Reading/Writing
Contents
Reading/Writing#
Daft can read data from a variety of sources, and write data to many destinations.
Reading Data#
From Files#
DataFrames can be loaded from file(s) on some filesystem, commonly your local filesystem or a remote cloud object store such as AWS S3.
Additionally, Daft can read data from a variety of container file formats, including CSV, line-delimited JSON and Parquet.
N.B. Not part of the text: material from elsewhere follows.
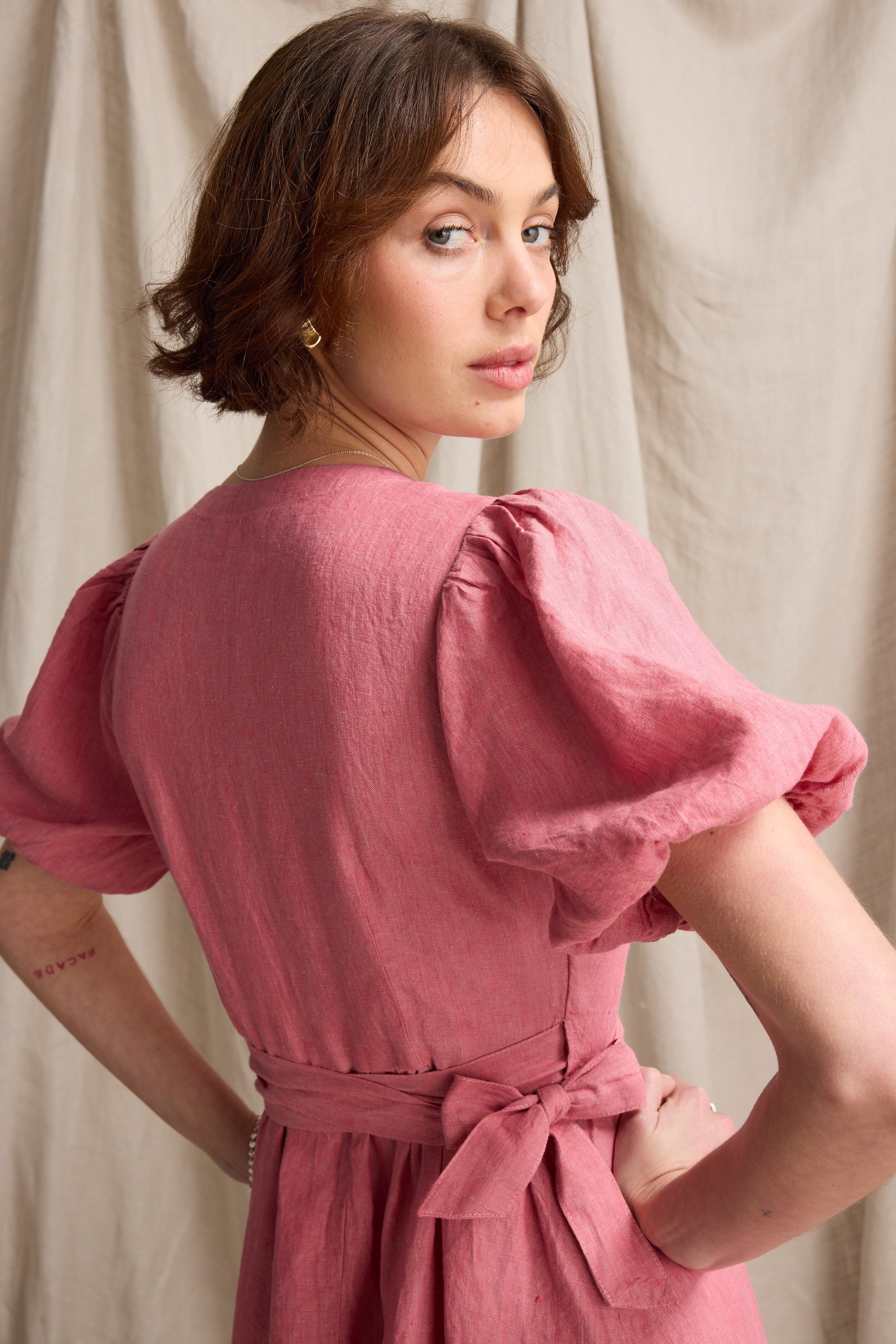 Sara Linen Wrap Dress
Daft supports file paths to a single file, a directory of files, and wildcards. It also supports paths to remote object storage such as AWS S3.
import daft
# You can read a single CSV file from your local filesystem
df = daft.read_csv("path/to/file.csv")
# You can also read folders of CSV files, or include wildcards to select for patterns of file paths
df = daft.read_csv("path/to/*.csv")
# Other formats such as parquet and line-delimited JSON are also supported
df = daft.read_parquet("path/to/*.parquet")
df = daft.read_json("path/to/*.json")
# Remote filesystems such as AWS S3 are also supported, and can be specified with their protocols
df = daft.read_csv("s3://mybucket/path/to/*.csv")
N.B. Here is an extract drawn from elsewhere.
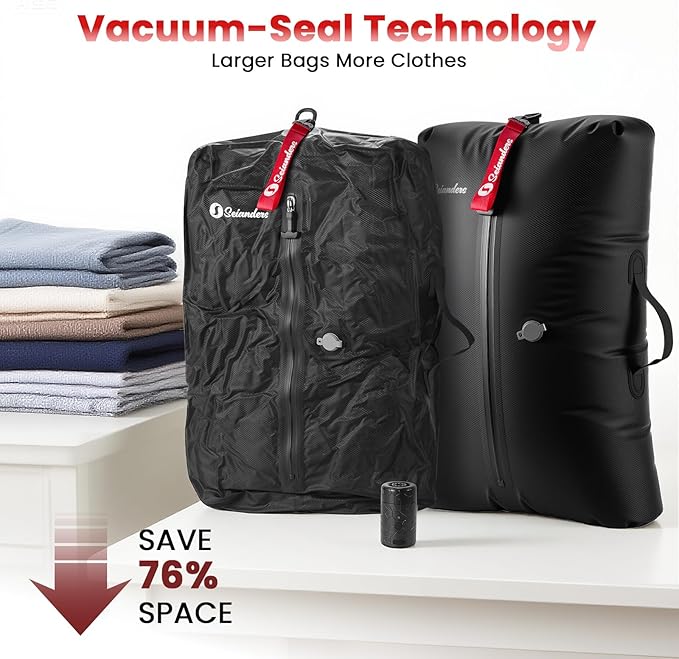Vacuum Bags for Travel Luggage (2PCS + Wireless Pump), Vacuum Clothing Compression Bag with Adjustable Shoulder Strap, 50.6L Large Capacity, IP67 Waterproof, Reusable for Carry-on Luggage & Backpack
To learn more about each of these constructors, as well as the options that they support, consult the API documentation on creating DataFrames from files.
From File Paths#
However, if instead you are reading a set of files that are not container file formats, you can use the daft.from_glob_path()
method which will read a DataFrame of globbed filepaths.
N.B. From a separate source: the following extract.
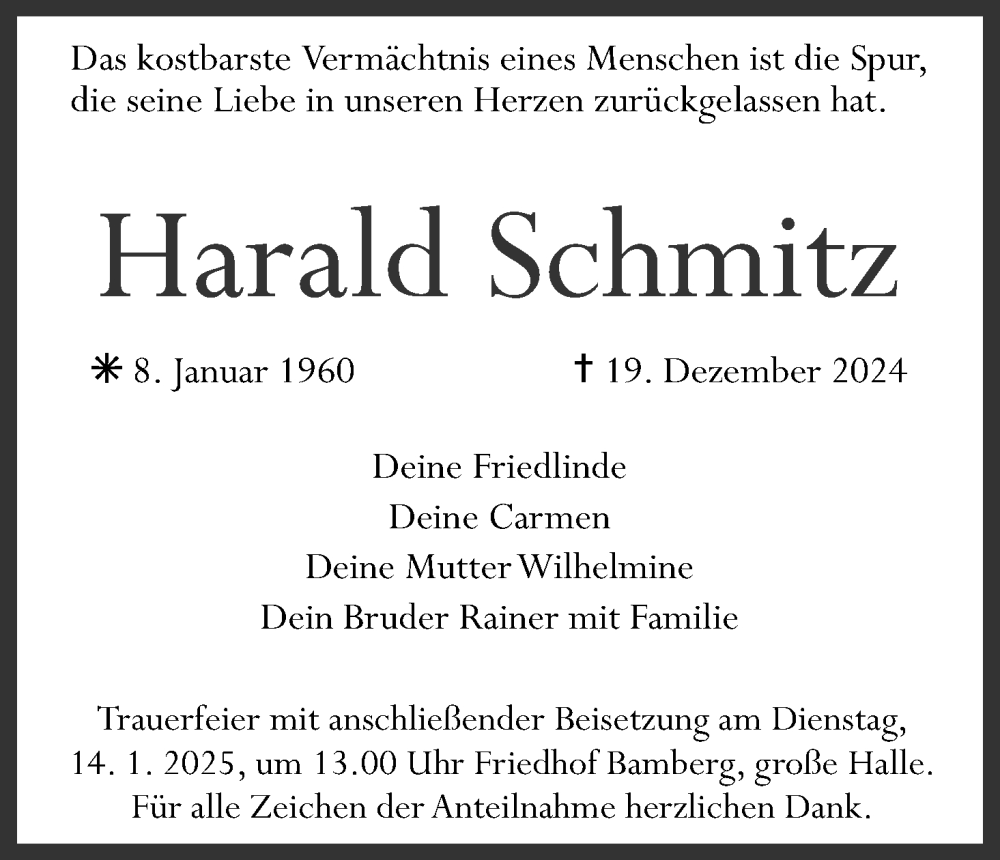  Traueranzeige für Harald Schmitz vom 04.01.2025 aus MGO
df = daft.from_glob_path("s3://mybucket/path/to/images/*.jpeg")
# +----------+------+-----+
# | name | size | ... |
# +----------+------+-----+
# ...
This is especially useful for reading things such as a folder of images or documents into Daft. A common pattern is to then download data from these files into your DataFrame as bytes, using the .url.download()
method.
From Memory#
For testing, or small datasets that fit in memory, you may also create DataFrames using Python lists and dictionaries.
# Create DataFrame using a dictionary of {column_name: list_of_values}
df = daft.from_pydict({"A": [1, 2, 3], "B": ["foo", "bar", "baz"]})
# Create DataFrame using a list of rows, where each row is a dictionary of {column_name: value}
df = daft.from_pylist([{"A": 1, "B": "foo"}, {"A": 2, "B": "bar"}, {"A": 3, "B": "baz"}])
To learn more, consult the API documentation on creating DataFrames from in-memory data structures.
Writing Data#
The df.write_*(…) methods are used to write DataFrames to files or other destinations.
# Write to various file formats in a local folder
df.write_csv("path/to/folder/")
df.write_parquet("path/to/folder/")
# Write DataFrame to a remote filesystem such as AWS S3
df.write_csv("s3://mybucket/path/")
Note that because Daft is a distributed DataFrame library, by default it will produce multiple files (one per partition) at your specified destination.